In September, 1873, the first police officers were appointed by John A. Macdonald’s government, and in October the first group of recruits left for Lower Fort Garry. Only two of these men had ever been policemen before, but during the winter at Lower Fort Garry they were very vigorously trained by Sargeant-Major Sam Steele, a tough, no-nonsense kind of man, who was to become famous in Mountie history. His orders were that the training of the men and horses would happen every day as long as the temperature remained above minus 36 degrees Farenheit. What an introduction to the climate of the great central plains!
This new police force came to be called the North-West Mounted Police, and among it were some interesting characters. Joseph Francis had fought in the Crimean War and had taken part in the fateful British Charge of the Light Brigade and Sub-Inspector F.J. Dickens was the son of the well-known Victorian novelist, Charles Dickens, author of the story of Scrooge in “The Christmas Carol”. The youngest soldier was Fred Bagley, the 15-year-old trumpeter, who went on to serve as a Mountie for the next twenty-five years. The leader of this group was Commissioner George A. French. French resigned in 1876 frustrated by many quarrels with politicians who would balk at paying his men their 75 cents per day wages or granting them 160-acres of land promised to those who finished their service.
On July 8, 1874, the new NWMP force of 275 men assembled in Manitoba near the border of what was then Dakota Territory, to begin their first march west. Part of their mission, according to Governor-General Lord Dufferin, was “capturing a band of desparados who had established themselves in some fortified posts in our territory in the neighbourhood of the Belly River.” This was a reference to numbers of truly “wild” Western Americans, who had, since the end of the Civil War, built several trading posts whose major source of income was selling whiskey and other alcohol to the native people. Fort Whoop-Up, in what is now Alberta, was rumoured to be the biggest of these whiskey forts.
Well, the trip was no picnic in a hot prairie summer. There are no photo records, but a journalist-artist, Henri Julien, accompanied the westward trek and some of his sketches help tell a fascinating story. The first problem was a lack of maps, so Commissioner French was not always sure of his route. This improved in late September, when he hired Jerry Potts, a man of Scots and Blood Indian heritage, whose life as a frontier guide was a story in itself. We can find a Jerry Potts exhibit at the Glenbow Museum in Calgary.

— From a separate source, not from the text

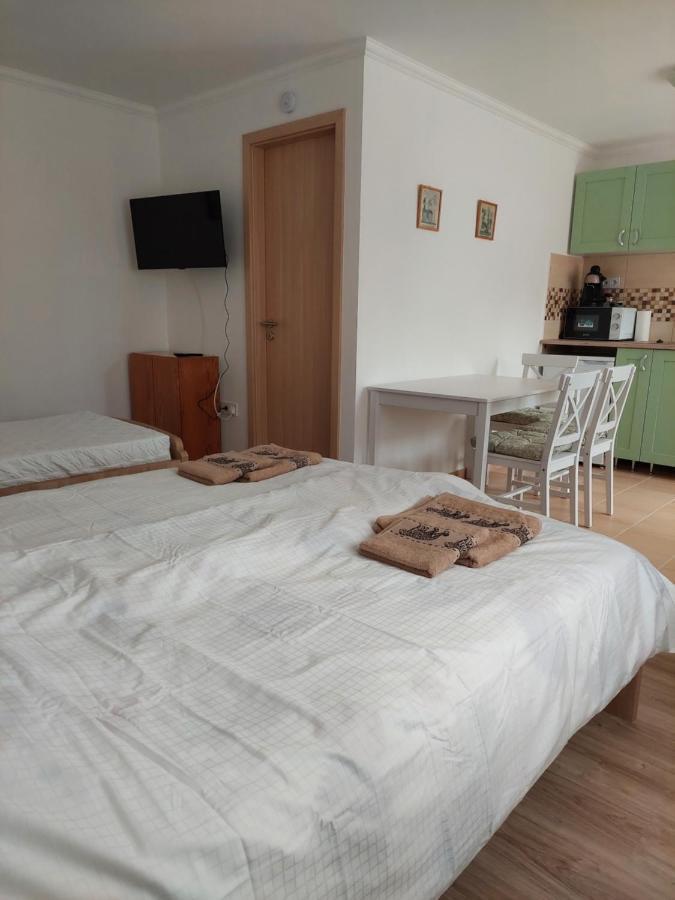 Szent Bernat Vendeghaz Apartment Veszprém Exterior photo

Another problem was the lack of water on the prairies. If it rained, notes from the journey describe an opportunity to get water ‘by digging in mud”. Many of the “lakes” they found were puddles of buffalo urine. Other notes left behind tell us that tea made from leaves steeped in boiled buffalo urine tasted terrible! The advantage of their discovery of the buffalo was that eating buffalo meat helped keep the men and horses alive, although at times they were all very short of food. Hot weather wasn’t the only problem though. On August 3, a severe storm blew down all of the force’s tents. Julien, the artist, commented that the “half-breeds” had much better tents than the police. Likely they knew a lot more about the local conditions.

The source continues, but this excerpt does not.